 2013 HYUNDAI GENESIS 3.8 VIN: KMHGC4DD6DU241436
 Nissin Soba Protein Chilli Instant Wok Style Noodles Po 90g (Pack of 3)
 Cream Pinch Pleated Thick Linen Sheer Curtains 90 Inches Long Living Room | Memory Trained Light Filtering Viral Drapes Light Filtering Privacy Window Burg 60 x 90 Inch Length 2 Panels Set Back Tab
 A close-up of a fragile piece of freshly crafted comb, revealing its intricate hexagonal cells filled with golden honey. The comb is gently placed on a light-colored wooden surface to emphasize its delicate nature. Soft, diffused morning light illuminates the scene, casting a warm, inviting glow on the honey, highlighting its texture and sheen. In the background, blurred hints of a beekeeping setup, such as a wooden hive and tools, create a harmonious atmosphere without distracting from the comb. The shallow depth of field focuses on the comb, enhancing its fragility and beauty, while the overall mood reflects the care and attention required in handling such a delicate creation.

What you have to do. All lines above from the one with "Nissin Soba Protein" to the one with "Cream Pinch Pleated", inclusive, should be copied exactly, and no other lines.

Completed task.
 Nissin Soba Protein Chilli Instant Wok Style Noodles Po 90g (Pack of 3)
 Cream Pinch Pleated Thick Linen Sheer Curtains 90 Inches Long Living Room | Memory Trained Light Filtering Viral Drapes Light Filtering Privacy Window Burg 60 x 90 Inch Length 2 Panels Set Back Tab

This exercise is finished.